Nathan escorts me out to his car, a battered Land Rover that must be at least twenty years old, carrying my booty, since despite the fact that I was specific about not wanting gifts, my friends have ignored me completely, and there are gaily colored bags and beribboned boxes. I’m flushed with food and wine, a little bit tipsy.
“Did you like your party, birthday girl?” Nathan asks as he pulls out of the parking space and heads for his place.
“It was perfect.” I sigh contentedly and lean back in the seat. “Thanks for being my date.”
“Thanks for letting me be your date. It was a wonderful night, and your friends are really amazing people. I had a great time.”
“Well, they all seem to approve of you as well. A rousing success all around. Pity it took being this OLD to make it possible.” I’m actually not really bothered by getting older. It just seems the thing to say.
“You still seem to have some miles left in you, from where I sit,” Nathan jokes. “I mean, SLOW miles, but miles nonetheless!”
I laugh. “Getting slower every day!”
“Hey, are you exhausted, or can we go have a drink at my place?”
“I could probably have one drink.” My heart jumps.
“Great.”
We sit in companionable silence the rest of the ride. We pull into his parking lot, and take the elevator up to his condo.

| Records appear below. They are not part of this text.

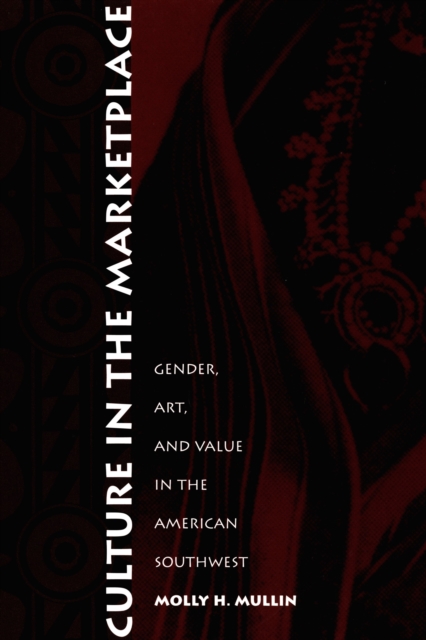 Culture in the Marketplace : Gender, Art, and Value in the American Southwest, PDF eBook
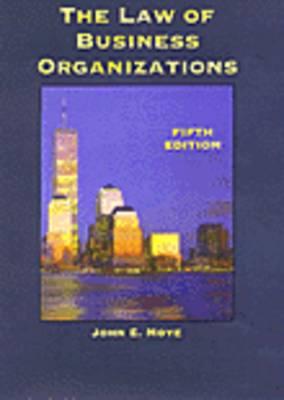 The Law of Business Organizations - Moye, John E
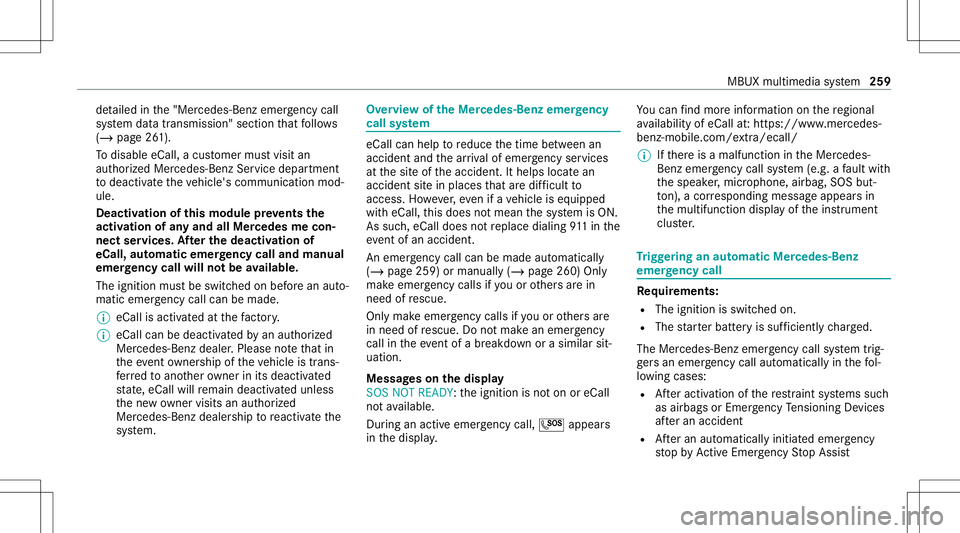 MERCEDES-BENZ GLB SUV 2021  Owners Manual de
tailed inthe"Mer cedes- Benzemergency call
sy stem datatra nsmiss ion"sectionthat follo ws
( / pag e26 1).
To disable eCall,acus tomer mustvisit an
au thor ized Mercedes-B enzService depar 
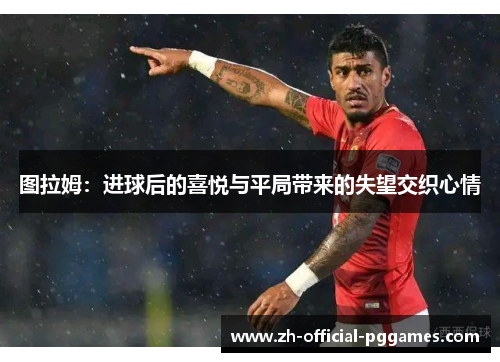 图拉姆：进球后的喜悦与平局带来的失望交织心情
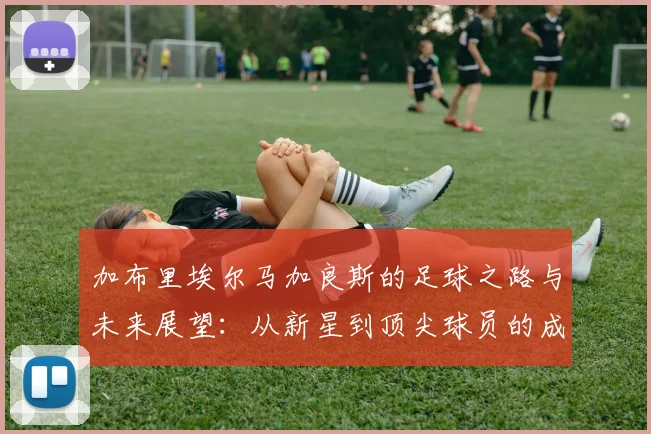 加布里埃尔马加良斯的足球之路与未来展望：从新星到顶尖球员的成长历程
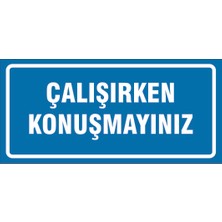 Çağ Ajans Çalışırken Konuşmayınız  3mm Dekota Uyarı Levhası  17 x 35 cm
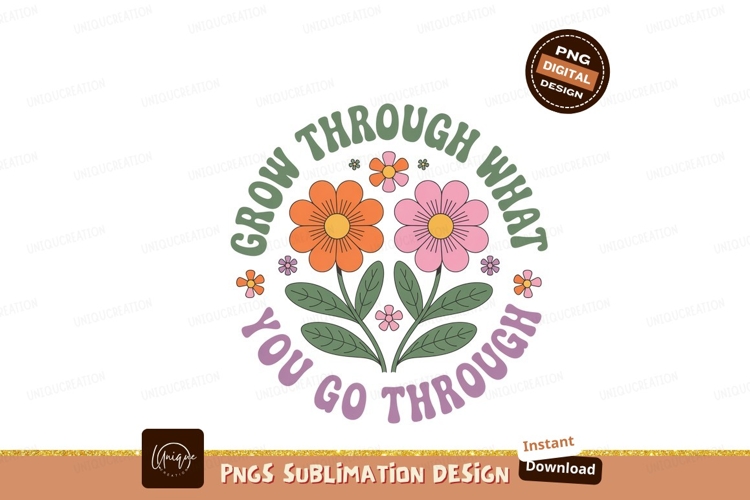 Retro Floral Growth Affirmation flowers groovy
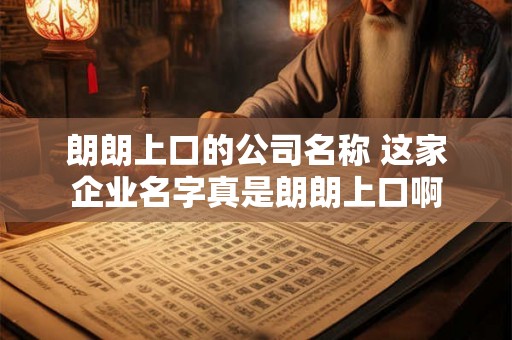 朗朗上口的公司名称 这家企业名字真是朗朗上口啊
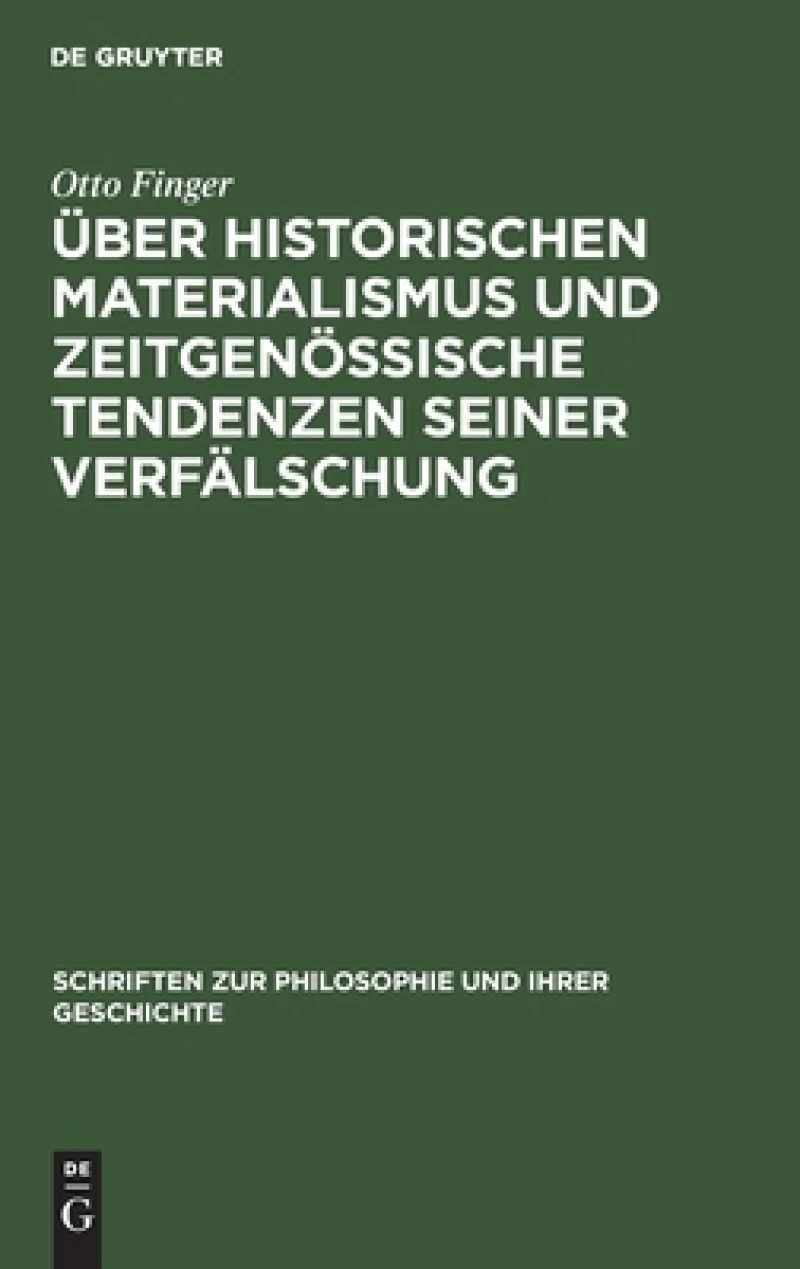 Über Historischen Materialismus Und Zeitgenössische Tendenzen Seiner Verfälschung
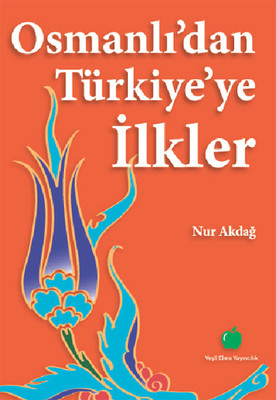 Osmanlı'dan Türkiye'ye İlkler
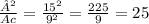 \frac{²}{Ac} = \frac{15в }{ 9в} = \frac{225}{9} = 25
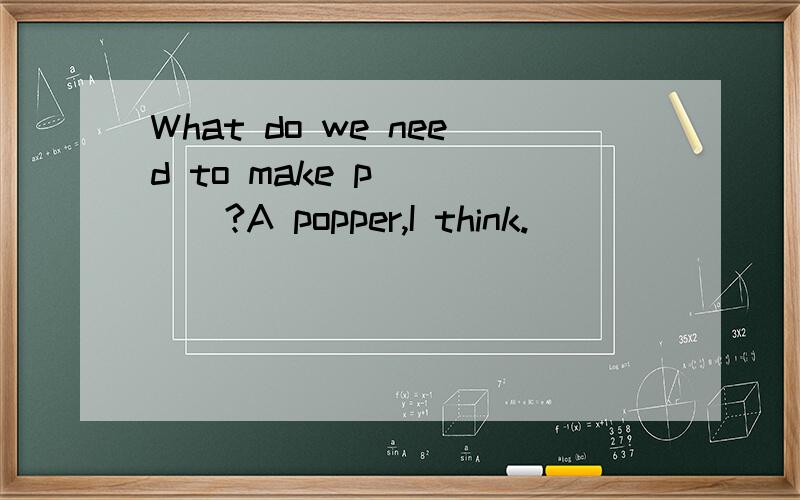 What do we need to make p_____?A popper,I think.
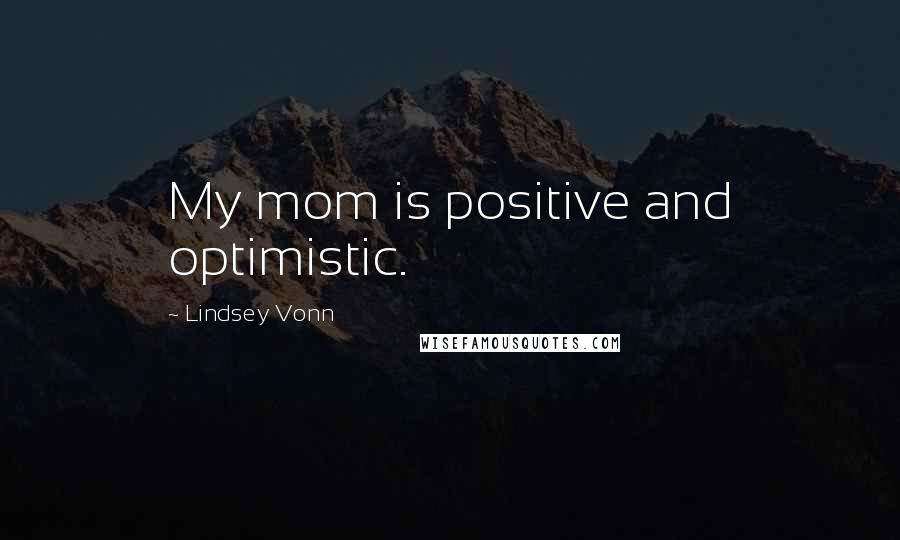 Lindsey Vonn Quotes: My mom is positive and optimistic.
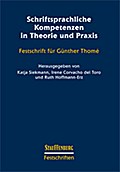 Schriftsprachliche Kompetenzen in Theorie und Praxis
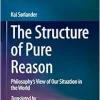 The Structure of Pure Reason: Philosophy’s View of Our Situation in the World (EPUB)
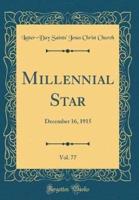 Millennial Star, Vol. 77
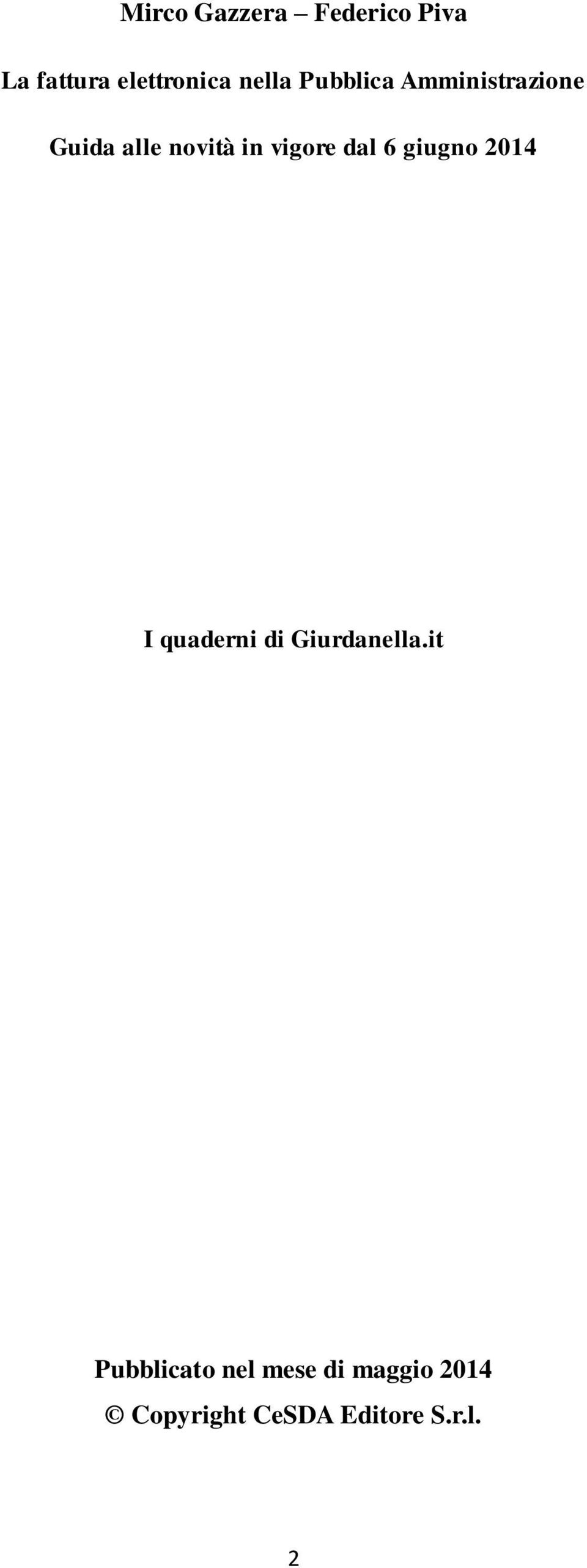 vigore dal 6 giugno 2014 I quaderni di Giurdanella.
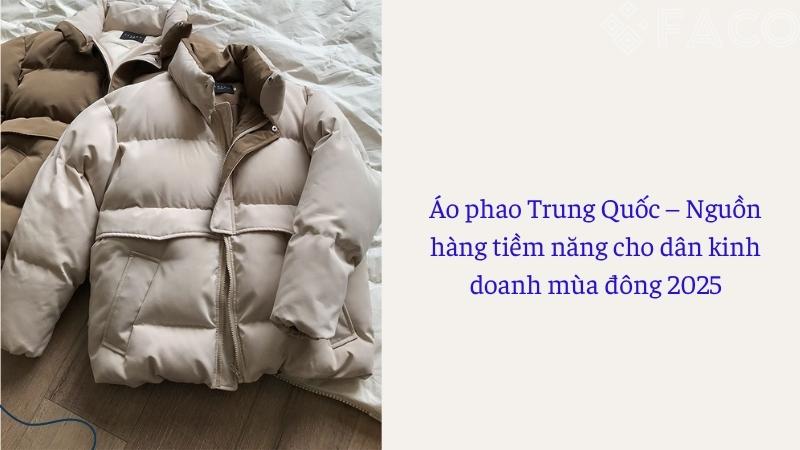 Áo phao Trung Quốc – Nguồn hàng tiềm năng cho dân kinh doanh mùa đông 2025 Áo phao Trung Quốc – Nguồn hàng tiềm năng cho dân kinh doanh mùa đông 2025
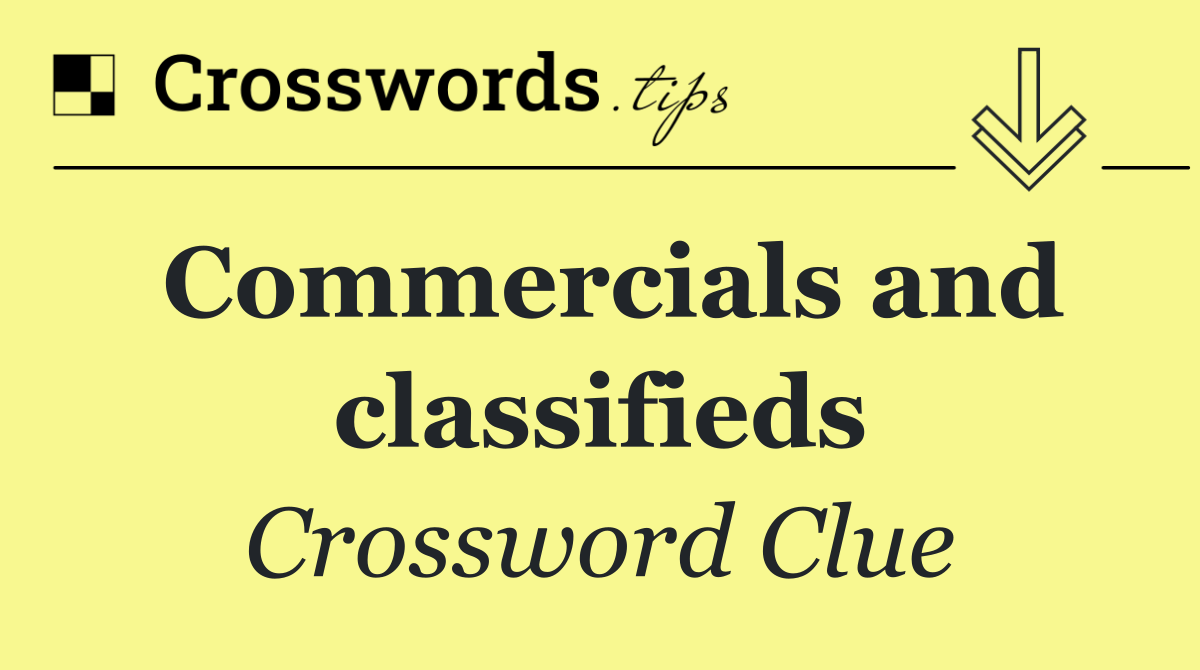 Commercials and classifieds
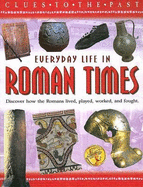 Everyday Life in Roman Times - Corbishley, Mike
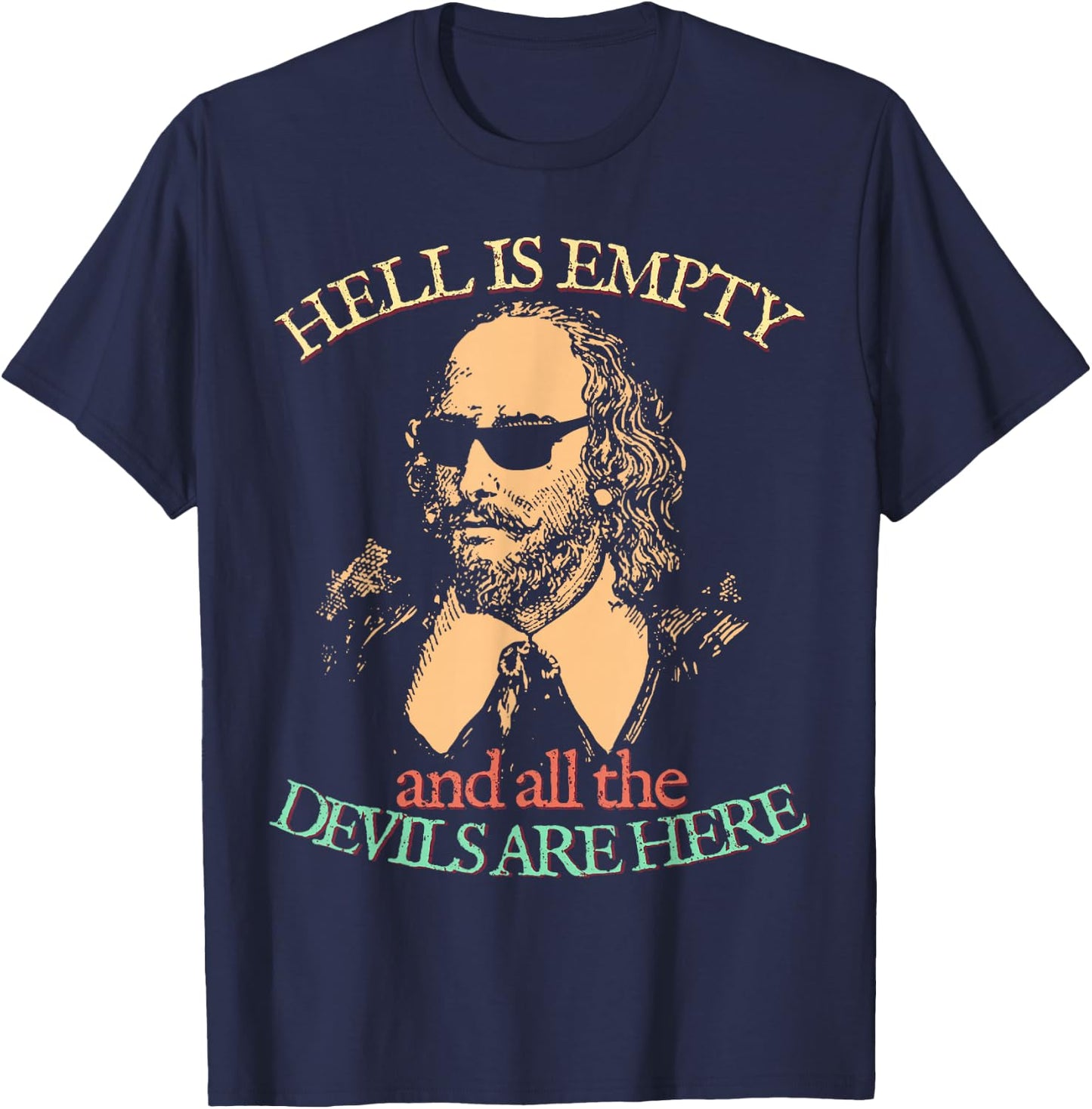 Hell is Empty All Devils Here William Shakespeare Sunglasses T-Shirt - T-Shirt | Navy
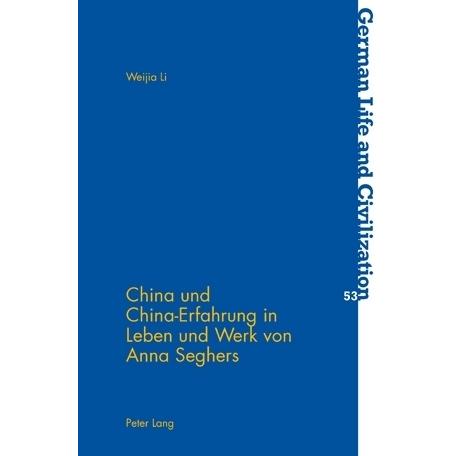 China und China-Erfahrung in Leben und Werk von Anna Seghers, Fachbücher von Weija Li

His place is exactly what I imagine, an extension of him: warm woods, leather furniture with great patina, film equipment and work materials. A huge old farmhouse table covered in papers with mismatched chairs. I hang my coat on the back of one of the chairs, and Nathan takes my hand to give me the tour. It is sort of a semi-loft, open-concept living room/dining room/kitchen, and then two bedrooms in the back. I try not to look at the rumpled king-size bed, to imagine myself in it with him. He leads me back to the living room and gestures for me to sit on the couch, and then heads off to fetch drinks. I can hear Nathan futzing around in the kitchen. I kick off my shoes, my feet unused to heels after so much time in clogs and Crocs. Nathan appears from the kitchen with two snifters of Armagnac, and curls up beside me on the couch. We sip the warming liquid as he massages my shoulder gently.